The study provides the first accurate estimate of all the water in the basin. National statistics are flawed and incomplete; some figures are even state secrets. But the study uses satellite data from America’s NASA which is not subject to these restrictions. These satellites not only measure surface water by photographs but, thanks to precise measurements of the effect of bodies of water on the atmosphere, can even calculate the amount of water in the aquifer below them.
The main reason for the depletion turns out to be that more water is being taken out of the underground aquifer, mainly by farmers. The rate of loss accelerated after drought hit the region in 2007. Between 2007 and 2009, in response to reduced flows of water in the rivers, Iraq’s government dug 1,000 new wells and abstracted four-fifths of all its groundwater reserves. The aquifer is not being replenished at anything like that rate, so this cannot continue for long.
The rapid depletion has implications for managing the basin, which is shared by Turkey, Syria, Iraq and Iran. All the countries have extensive dams, reservoirs and other sorts of infrastructure on both rivers which control the water’s flow. But they have no international treaty governing when and by how much they can shut the flow down.

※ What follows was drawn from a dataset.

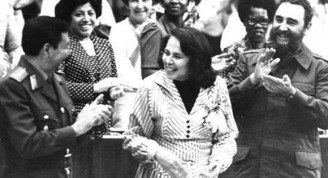 Participa en la clausura del III Congreso de la Federación de Mujeres Cubanas, a su lado Vilma Espín Guillois, Secretaria de la FMC y el General de Ejército Raúl Castro Ruz, 8 de marzo de 1980. Foto: Sitio Fidel Soldado de las Ideas/ Diario Juventud Rebelde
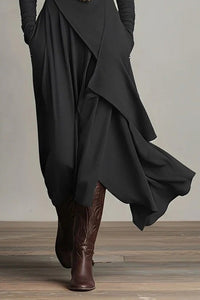 Lila Langes Kleid mit hohem Kragen und asymmetrischen Falten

Over the years, this has not mattered much. The countries have rubbed along, sometimes amicably, sometimes not, with downstream ones (notably Syria and Iraq) assuming there would always be enough water in the upstream reservoirs of Turkey for them all. But if the new study is any guide, that assumption may not hold for much longer. As Mr Famiglietti says, “The region is ripe for collaborating on the science of water management. Whether it is ready for an international legal framework, I have no idea.”